The Carignane vineyard near Madera was treated twice with copper sulfur in April. However, Leavitt believes mildew was active before then and therefore the products used in his trial struggled to gain control since most are preventive materials and not eradicants.

“We already had mildew before this trial started. That is why a lot of the treatments really looked bad. In 20 years of trials, I have never had one look this bad. Treatments that would normally control mildew did not eradicate mildew,” he said.

Part of the problem stemmed form the fact Leavitt did not have access to the weather station at the vineyards to calculate the Risk Assessment Index (RAI) developed by the University of California. He had to rely on a weather station five miles away for temperatures to compute the RAI. At the end of the season, data from the station in the Carignane vineyard became available.
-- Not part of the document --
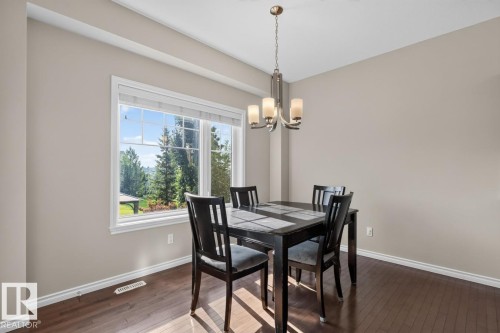 Dining area featuring wood-finish flooring, a contemporary chandelier, and a large window with white trim - 109 Selkirk Place, Leduc, AB - Indoor Photo Showing Dining Room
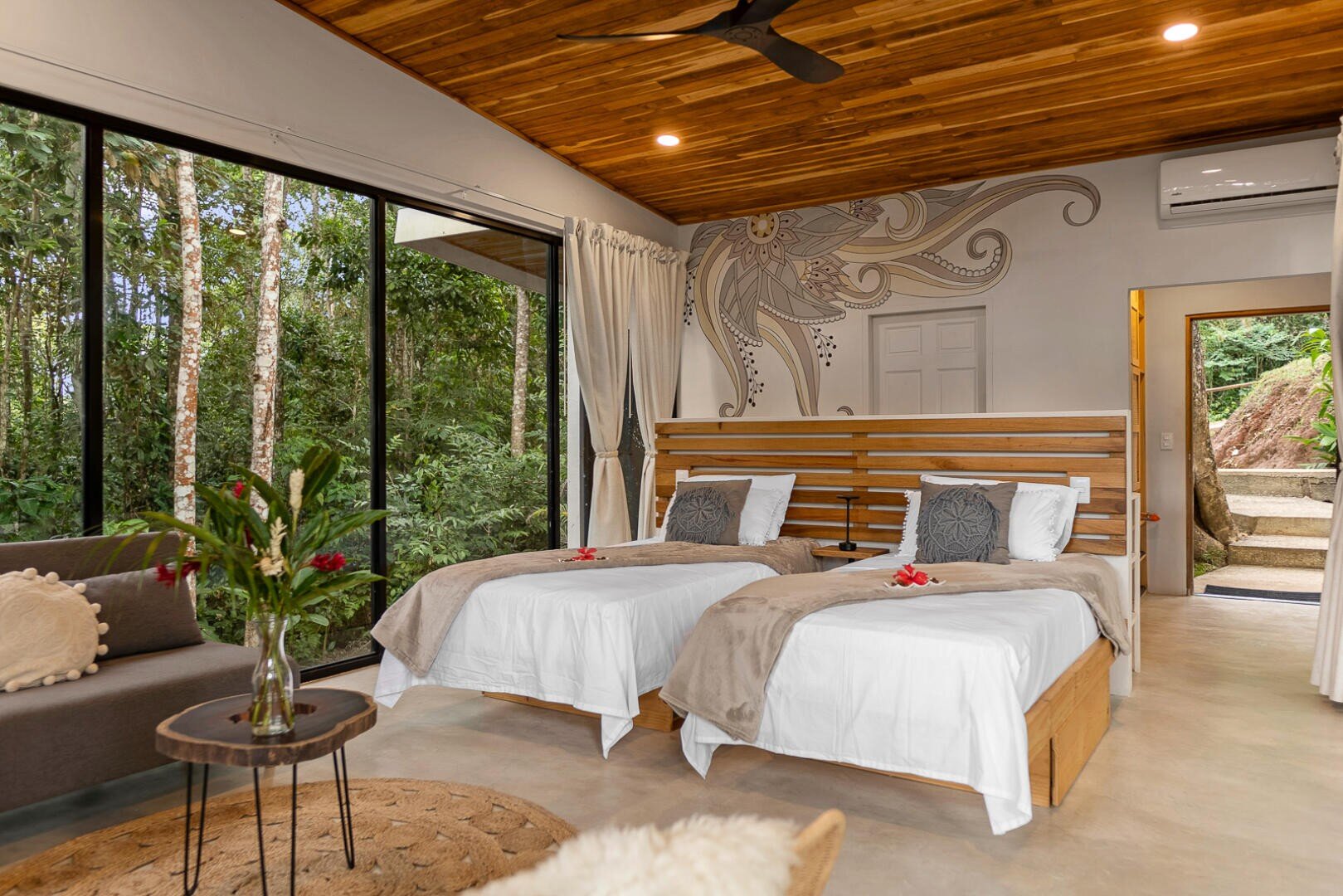 Ein modernes Schlafzimmer mit zwei Einzelbetten, neutraler Bettwäsche, dekorativen Kissen und einer Holzdecke. Große Fenster geben den Blick auf den Wald frei. Es gibt einen runden Tisch mit Blumen und ein Sofa auf der linken Seite sowie ein Wandbild über den Betten.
That was when Leavitt discovered he had started treatments in the test vineyard two weeks late.

“Use weather stations with close proximity to your vineyard — at least within a mile or so,” he recommended. If there is not one close enough, Leavitt suggested buying a pocket-sized weather station. “It costs only $229 and it works. Leave it in the vineyard and take it out when you spray. It will tell you what is going on in your vineyard,” he said.

The second best result in the Madera trial featured a numbered compound from Valent. Remember the number, V 1018. “It looks excellent,” said Leavitt.

Three formulations of the compound were in the trial, according to Leavitt. The new compound, which is four to five years away from the market according to Leavitt, was tested in three formulations, EC, WD and Flowable. The EC formulation was rated at less than 6 percent powdery mildew. The severity of the mildew with the other two formulations ranged from 66 percent to more than 77 percent mildew. “Formulation obviously makes a difference with this compound,” said Leavitt, who has not been told the class of the new Valent experimental fungicide.

The No. 3 position in Leavitt's trial was a combination of Microthiol, Procure 4SC and Pristine plus the sticker Latron B1956 (9.8 percent): No. 4 was the Microthiol plus Pristine plus Latron B1956 with the last Pristine application at a 28 day interval (12.8 percent); No. 5 was Microthiol, Elite, Flint and Quntec (16.7 percent mildew severity). These top five were not statistically different.